Ein Fahrlehrer aus Vorpommern steht im Verdacht, alkoholisiert eine Fahrstunde begleitet zu haben. Die Polizei ermittelt nun gegen den Mann – ein Vorfall, der nicht nur rechtliche Konsequenzen haben dürfte, sondern auch das Vertrauen in die Verkehrsausbildung erschüttert.
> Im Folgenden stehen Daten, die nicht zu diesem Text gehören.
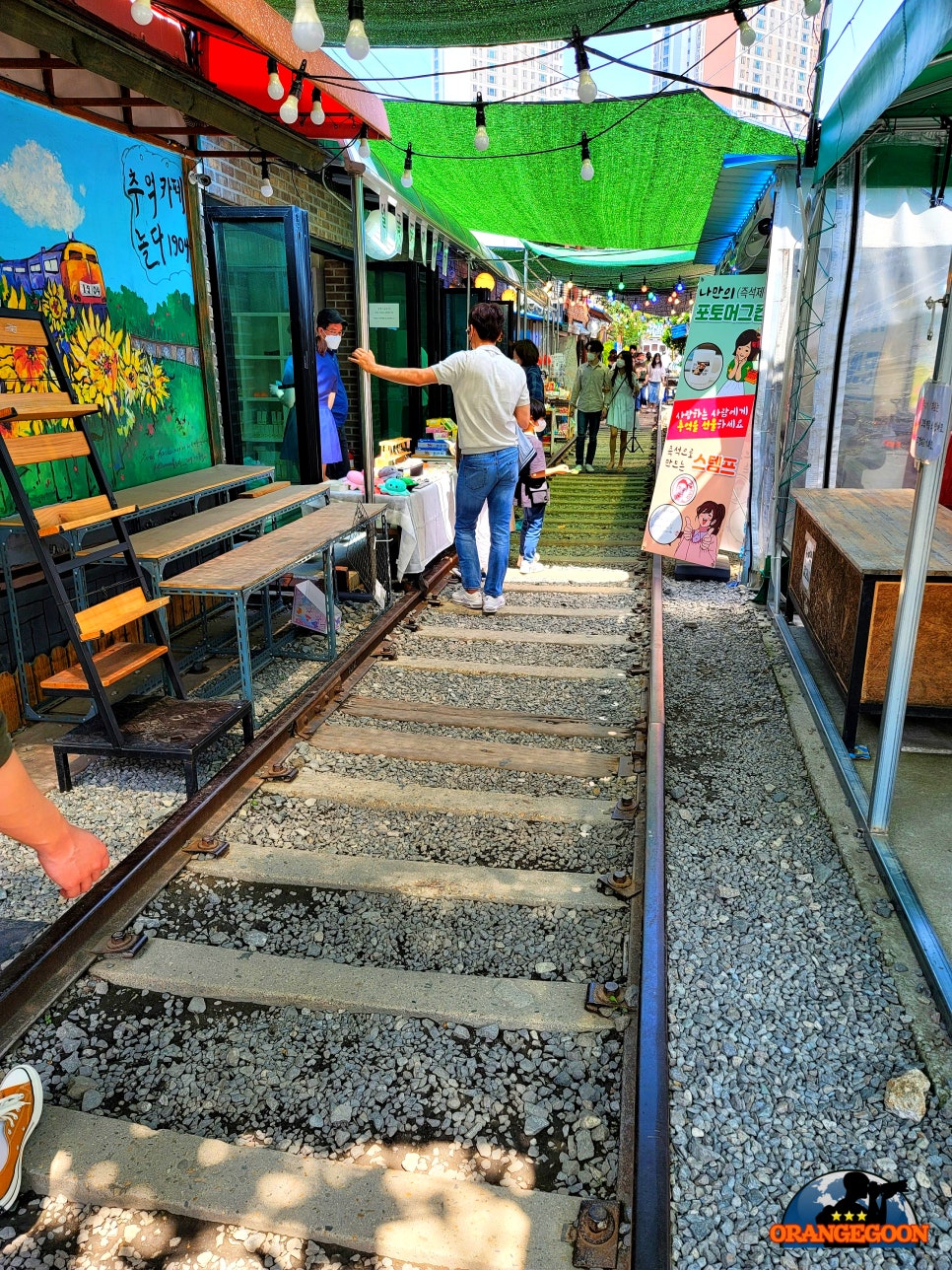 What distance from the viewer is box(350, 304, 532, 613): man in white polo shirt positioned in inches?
249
Ausgangspunkt war der Hinweis einer aufmerksamen Zeugin, die den Mann beim Kauf einer Weinflasche an einer Tankstelle beobachtet hatte. Nach ihren Angaben trank er noch vor Ort aus der Flasche, verstaute sie anschließend im Kofferraum seines Fahrschulwagens – und setzte sich zurück auf den Beifahrersitz neben seine Fahrschülerin, um die Fahrstunde zu beginnen.
Die Polizei nahm den Vorfall ernst und traf den Fahrlehrer später an seiner Wohnadresse an. Dort wurde ein Atemalkoholtest durchgeführt, der einen Wert von 1,61 Promille ergab – weit über dem Grenzwert für fahruntüchtiges Verhalten.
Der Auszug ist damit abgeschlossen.